* _Material for this task_:
[Start of Attachment]

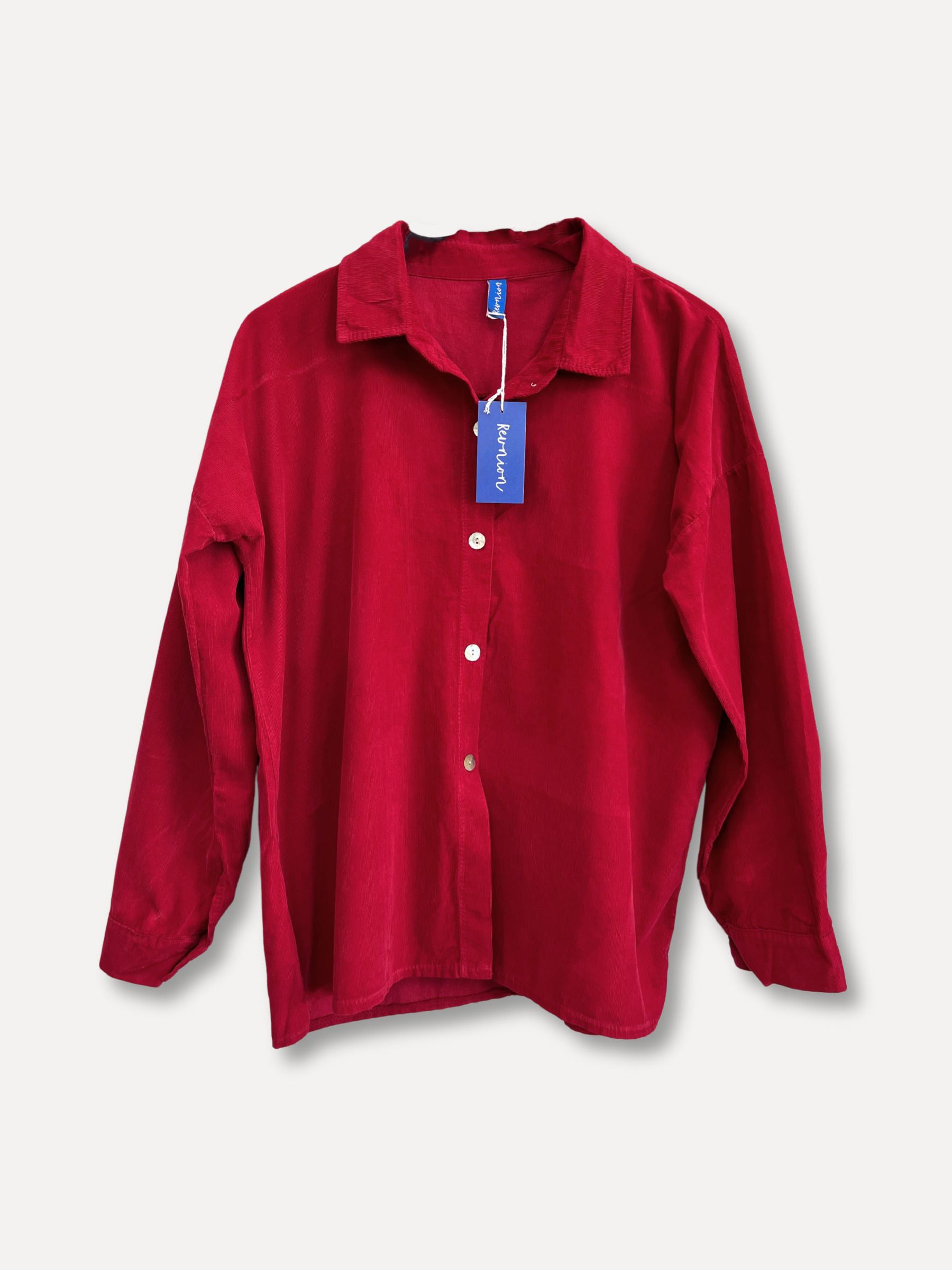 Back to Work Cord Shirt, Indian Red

[End of Attachment]
[Start of Attachment]

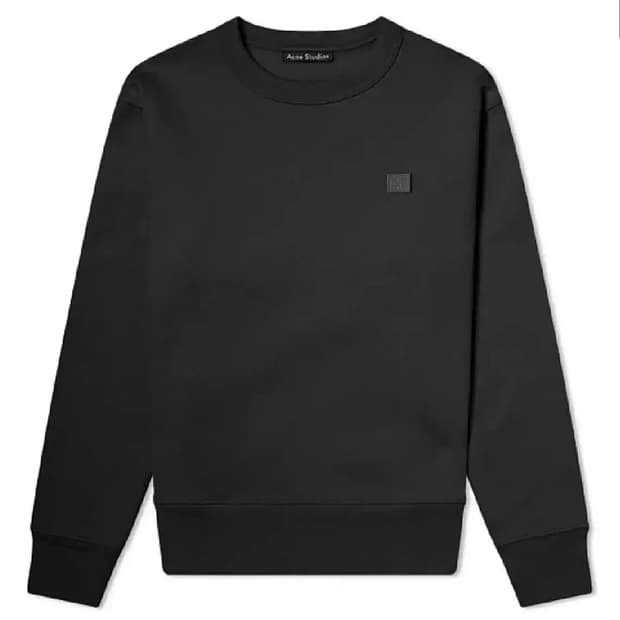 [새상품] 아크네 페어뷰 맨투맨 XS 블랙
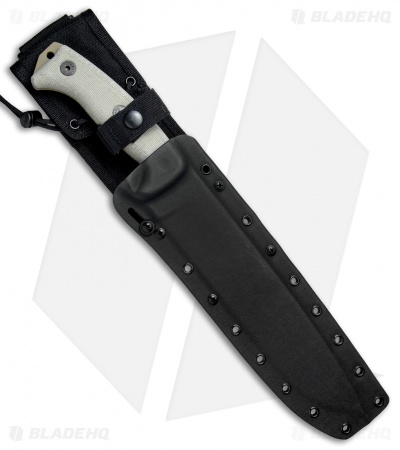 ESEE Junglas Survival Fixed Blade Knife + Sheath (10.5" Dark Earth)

[End of Attachment]

* _Exercise_: Reproduce exactly the lines above starting at the line containing "[새상품] 아크네 페어뷰 맨투맨 XS 블랙" and ending at the line containing "ESEE Junglas Survival", including both, but not the pictures.

* _Task solution_:
 [새상품] 아크네 페어뷰 맨투맨 XS 블랙
 ESEE Junglas Survival Fixed Blade Knife + Sheath (10.5" Dark Earth)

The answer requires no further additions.